War for the Planet of the Apes (2017)

(On Cable TV, April 2018) Nobody expected the 2011 Rise of the Planet of the Apes reboot to be worth anything after the increasingly campy tone of the first series or the dumb 2001 remake. So it’s a surprise to conclude, after watching War for the Planet of the Apes, that the new trilogy has managed to exceed all expectations to deliver one of the finest, most sustained film series of the decade so far. After nailing a surprisingly realistic tone for the first film in the series, the two others managed to head in the same direction. It helps a lot that the series has been a high-water mark for CGI character creation: Entirely digital “Caesar” is a memorable character with numerous emotional moments and the film is nearly flawless in how it portrays him on-screen.
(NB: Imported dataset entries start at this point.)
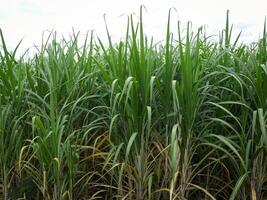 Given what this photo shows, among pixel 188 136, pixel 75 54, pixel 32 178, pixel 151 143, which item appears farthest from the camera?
pixel 75 54

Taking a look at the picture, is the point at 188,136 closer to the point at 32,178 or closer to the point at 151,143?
the point at 151,143

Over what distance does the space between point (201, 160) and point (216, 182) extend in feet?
0.77

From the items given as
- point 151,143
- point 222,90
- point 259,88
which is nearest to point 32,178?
point 151,143

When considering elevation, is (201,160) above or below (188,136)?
below

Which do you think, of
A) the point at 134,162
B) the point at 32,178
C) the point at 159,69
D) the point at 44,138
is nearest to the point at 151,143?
the point at 134,162

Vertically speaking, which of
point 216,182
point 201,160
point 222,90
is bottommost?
point 216,182

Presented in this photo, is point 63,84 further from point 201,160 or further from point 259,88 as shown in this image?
point 259,88

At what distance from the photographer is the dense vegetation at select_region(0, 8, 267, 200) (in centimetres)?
205

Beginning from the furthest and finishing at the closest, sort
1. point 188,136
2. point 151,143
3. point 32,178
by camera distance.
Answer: point 32,178 < point 151,143 < point 188,136

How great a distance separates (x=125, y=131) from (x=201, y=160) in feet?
1.31

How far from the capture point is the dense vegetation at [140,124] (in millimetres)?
2055

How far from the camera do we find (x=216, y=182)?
2311 mm

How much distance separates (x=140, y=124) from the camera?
207 cm

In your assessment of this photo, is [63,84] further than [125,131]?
Yes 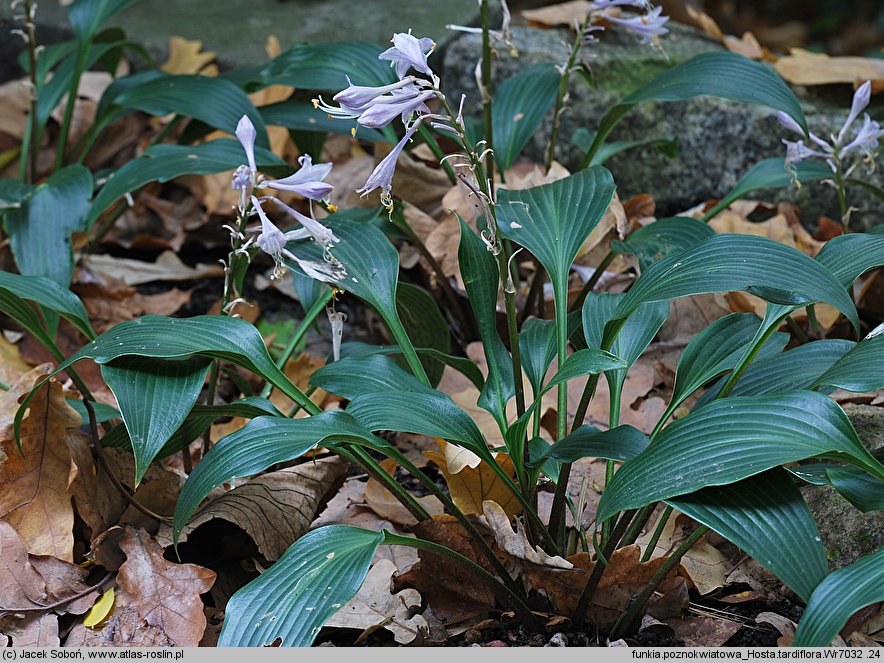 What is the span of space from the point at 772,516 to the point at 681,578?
35 centimetres

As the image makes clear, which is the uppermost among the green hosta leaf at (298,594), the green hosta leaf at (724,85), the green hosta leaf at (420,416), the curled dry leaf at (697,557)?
the green hosta leaf at (724,85)

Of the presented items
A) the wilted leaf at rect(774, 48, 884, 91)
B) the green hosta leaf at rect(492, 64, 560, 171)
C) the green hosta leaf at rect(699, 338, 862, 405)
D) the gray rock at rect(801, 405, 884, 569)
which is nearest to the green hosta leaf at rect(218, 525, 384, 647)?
the green hosta leaf at rect(699, 338, 862, 405)

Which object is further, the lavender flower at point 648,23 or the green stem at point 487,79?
the lavender flower at point 648,23

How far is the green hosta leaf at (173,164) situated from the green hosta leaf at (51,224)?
63mm

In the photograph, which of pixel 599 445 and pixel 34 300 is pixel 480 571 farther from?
pixel 34 300

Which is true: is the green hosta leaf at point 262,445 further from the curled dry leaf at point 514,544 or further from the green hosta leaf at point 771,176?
the green hosta leaf at point 771,176

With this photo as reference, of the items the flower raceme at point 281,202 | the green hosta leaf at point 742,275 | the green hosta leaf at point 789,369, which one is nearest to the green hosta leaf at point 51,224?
the flower raceme at point 281,202

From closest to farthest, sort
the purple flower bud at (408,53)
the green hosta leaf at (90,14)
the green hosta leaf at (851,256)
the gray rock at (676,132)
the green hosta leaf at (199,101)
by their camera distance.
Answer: the purple flower bud at (408,53) → the green hosta leaf at (851,256) → the green hosta leaf at (199,101) → the green hosta leaf at (90,14) → the gray rock at (676,132)

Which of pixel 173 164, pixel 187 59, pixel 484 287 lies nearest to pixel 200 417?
pixel 484 287

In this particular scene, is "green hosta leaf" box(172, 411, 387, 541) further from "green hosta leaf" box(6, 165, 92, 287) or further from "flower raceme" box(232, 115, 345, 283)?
"green hosta leaf" box(6, 165, 92, 287)

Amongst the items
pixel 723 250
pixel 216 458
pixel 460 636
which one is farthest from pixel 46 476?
pixel 723 250

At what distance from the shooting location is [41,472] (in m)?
1.68

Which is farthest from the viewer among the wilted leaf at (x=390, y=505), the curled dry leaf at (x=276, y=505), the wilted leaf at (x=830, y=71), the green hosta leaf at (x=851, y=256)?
the wilted leaf at (x=830, y=71)

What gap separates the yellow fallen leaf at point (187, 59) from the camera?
3.50 metres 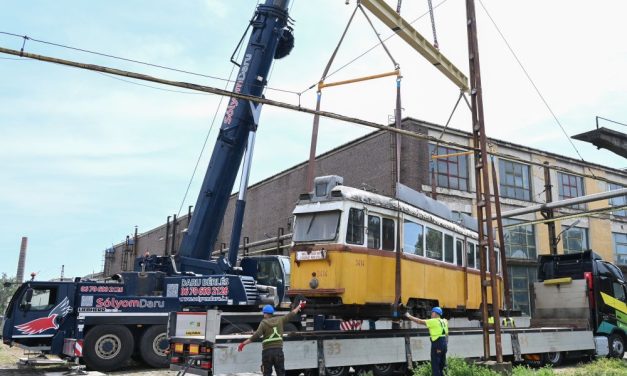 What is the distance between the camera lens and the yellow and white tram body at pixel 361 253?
1001cm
The trilogy tells how humans cede the planet to apes and this third instalment describes the final battle of the changeover, with enough perfidious humans to make us feel better about the succession. (If there’s a theme to this decade’s finest Science-Fiction, it’s that from robots to apes, humanity is ready to accept that we may be supplanted by something more human than itself.) Writer/director Matt Reeves leads the film with a sure hand, adding depth and sentiment to what could have been a noisy spectacle. War for the Planet of the Apes wraps up the trilogy in a way that almost makes us feel not asking for one more for fear of tainting the impact of the three films so far. Who could have expected that only a few years ago?